Synchronization, which maintains multiple instances of an index on each system within a set of machines, and incrementally shares index updates with the other systems in that set so that each instance of the index is kept up to date. Changes to that index, such as new or modified annotations, can be made on any system within a synchronization set, and those changes will eventually propagate to all systems within that set. The systems within a synchronization set are referred to as being consistent when all of them have received each others' updates and no additional updates are pending.
Synchronization is best suited to the search collections used by collaborative search applications, where an index is frequently being updated with tags, comments, ratings, and other annotations. Synchronization is also well-suited to lower-speed, higher traffic, or less robust networking environments because less data needs to be exchanged when synchronizing indices across clients than would be required when copying entire indices. Synchronization is especially well-suited to less reliable networking environments because updates are exchanged transactionally, and are automatically retried if they fail initially.

In Watson Explorer Engine, any member of a synchronization set, complete replica of an index, or set of segments that comprise a complete copy of an index is known as a mirror.

All of these distributed indexing mechanisms help solve system load and network problems by making it possible to distribute query load across multiple systems. They also help guarantee search application availability by eliminating any single system and any single index as a potential point of failure. Finally, they all support load-balancing and failover, sharing the same mechanism for defining and configuring these capabilities in the Watson Explorer Engine administration tool.

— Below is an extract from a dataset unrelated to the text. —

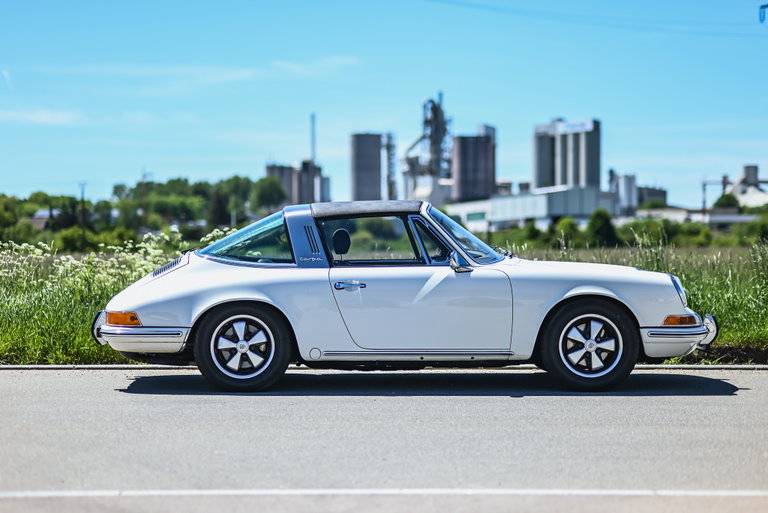 Porsche 911 T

Important: Using any form of distributed indexing across hosts that are running different versions of Watson Explorer is not supported. Each new version of Watson Explorer provides fixes to problems that have been encountered in previous releases, as well as incremental improvements in how distributed indexing is communicated and coordinated across all participating systems.

In order to use a distributed index, an instance of Watson Explorer Engine must be running on each system that is a member of a synchronization set, hosts a replicated index, or hosts any portion of a segmented index. This enables Watson Explorer Engine to coordinate index use, synchronize indexes across all participating servers, perform load balancing, and react appropriately should hardware problems make any host or associated index(es) unavailable.

Note: When using distributed indexing, the order of documents may differ between client and server for various reasons:

The order in which documents are sent to the indexer by the crawler can differ from the order in which the indexer processes them and replies to the crawler. The processsing order is used for sequencing distributed index updates.
To increase performance through parallelism, distributed index clients apply updates in parallel rather than in a strict order. The time at which an update is applied can therefore differ between client and server. However, when the ranking of multiple search results is identical, the indexer uses the order that it indexed those documents as the "tie-breaker".

These potential differences between client and service indices can cause documents to appear in a different order at search time, and can also affect deduplication.